In the process of development spark, it is not uncommon to investigate the performance of development version on EC2 cluster. However, this development version is of course work on process. So I thought it was difficult to launch with ec2 script included spark project. But today I found there is an easy way to do that with only one option.
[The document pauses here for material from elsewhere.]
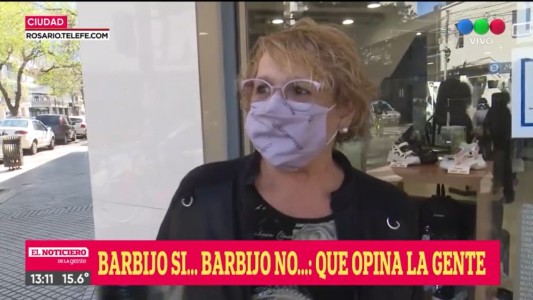Barbijo en la vía pública: ¿Sí o no?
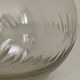 Cut crystal round carafe antique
Do you have already spark code which is attached your patch? OK, first you have to push it to remote repository.

Push it

$ cd your-spark-project
$ git push origin your-spark-branch

Record commit hash

Retrive from your repository with ec2 script, git commit hash is needed such as cfaf9be21141856c2b9ec5bb795fe53c2a222176

$ git log
commit cfaf9be21141856c2b9ec5bb795fe53c2a222176
Author: your-name <[email protected]>
Date:   Sun Nov 30 00:12:08 2014 +0900
  
Add docs about spark-git-repo option 

However this hash code is a little long to hand type. You can use short version and confirm it on GitHub’s commits page.

commit-hash

All you need is this only 7 characters. This is the beyond half way to complete it. How easy is it! At last you type launch commoand with spark-ec2 script.

Launch

$ ./spark-ec2 -k <Your EC2 keyname> \ 
              -i <Your EC2 keyfile path> \
              --slaves=3 \  
              --spark-git-repo=https://github.com/<Your name>/spark.git \
              --spark-version=<Commit hash> launch your-spark-cluster 

You obtain your patched spark cluster. You can run any applications on this cluster and look into some metrics through ganglia which is automatically setup with this script. This is the great way to investigate your spark on real cluster.

Thank you.